Ford pulled off a record quarterly profit of $2.6 billion in North America even though dealerships weren’t fully stocked with its best-selling vehicle, the F-150 pickup. The results bode well for the second half of the year, when Ford’s two U.S. truck plants will be in full production and dealers will have more pickups to sell.
“We are now more confident than ever that we will deliver a breakthrough year,” Ford’s CEO Mark Fields said on a conference call with analysts. Fields said Ford still expects to achieve a pretax profit of $8.5 billion to $9.5 billion this year.
In North America, technology-rich versions of the Ford Explorer, Ford Edge and Lincoln MKX SUVs drew buyers to showrooms even as smaller, less-profitable cars like the Focus struggled.
U.S. buyers paid an average of $37,013 for the new Edge crossover in the second quarter, or $1,683 more per vehicle than they were paying for the outgoing model last year, according to Kelley Blue Book. Among the Edge’s pricey new features is a system that automatically parks the car in parallel or regular parking spaces.
Ford said F-150 buyers paid an average of $3,800 more per truck in the second quarter, loading them up with features like a 360-degree camera and adaptive cruise control.
Outside North America, new vehicles like the new S-Max wagon in Europe, the Ka small car in South America and the Mustang sports car in China commanded higher prices.
The results mirrored those at Ford’s crosstown rival, General Motors, which last week reported a record second-quarter profit of $2.8 billion in North America on the strength of its SUV and truck sales.
Ford’s profit of 47 cents per share compared with a profit of 40 cents per share a year ago. That beat Wall Street’s expectations of a 37-cent profit for the April-June period, according to analysts polled by FactSet.

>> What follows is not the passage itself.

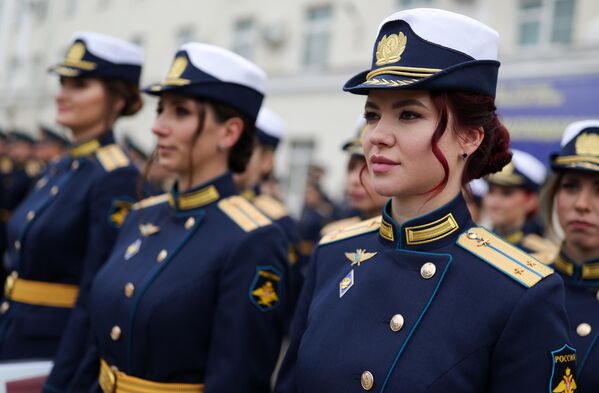 Las jóvenes que se graduaron este día ingresaron en la academia de vuelo en 2017. Fue el primer grupo de mujeres en la academia y el proceso de selección fue igual de duro que para los varones, solo 16 de 200 aspirantes fueron seleccionadas para ingresar a la academia. - Sputnik Mundo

Ford’s global sales rose 2 percent during the quarter to nearly 1.7 million. Sales were up in North America and Europe but fell in South America, the Middle East and Asia.
Revenue fell slightly to $37.3 billion. Chief Financial Officer Bob Shanks said revenue took a $2 billion hit from the strong U.S. dollar, which hurt profits in Europe, South America and elsewhere. Ford’s revenue beat analysts’ expectations of $35.5 billion.
North American margins, which hit 11.1 percent in the second quarter, are expected to end the year in the upper end of the 8.5 percent to 9.5 percent range, Shanks said. Ford’s overall automotive operating margin was 7.2 percent.
The company lost money in Europe, South America and the Middle East but earned a record profit of $192 million in Asia despite a sales slowdown in China.
Ford said commercial vehicle sales have slowed in China, an indicator that buyers there aren’t confident about the economy. While Ford has dialed back its forecast for industry sales in China this year, it still thinks the country is on track to sell 30 million vehicles annually by 2020. That’s almost double the number sold in the U.S.
Fields also said new vehicles coming to China this fall, like the Taurus sedan and the Everest SUV, will boost sales.
“We’re still very bullish on China, but it’s going to go through its fluctuations. That’s what happens in emerging markets,” Fields said.